Provided data:
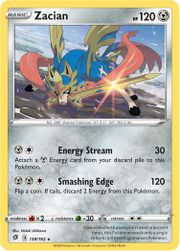 Zacian (Pokémon) - Bulbapedia, the community-driven Pokémon encyclopedia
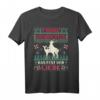 Lustiges Weihnachts T-Shirt mit Hirsch und Spruch – Perfekt für Damen und Herren, Geschenkidee zum Fest der Liebe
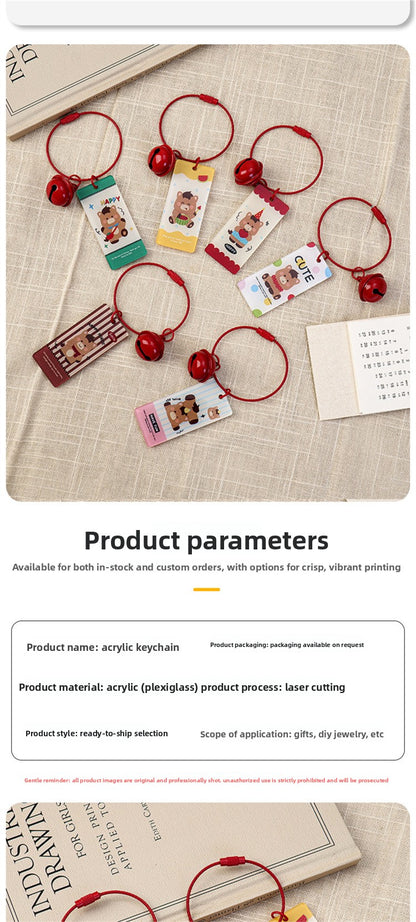 Acrylic Keychain, Durable And Stylish Accessory For Everyday Use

What is needed:
Give back each line above verbatim, dropping every picture.

Written answer:
 Zacian (Pokémon) - Bulbapedia, the community-driven Pokémon encyclopedia
 Lustiges Weihnachts T-Shirt mit Hirsch und Spruch – Perfekt für Damen und Herren, Geschenkidee zum Fest der Liebe
 Acrylic Keychain, Durable And Stylish Accessory For Everyday Use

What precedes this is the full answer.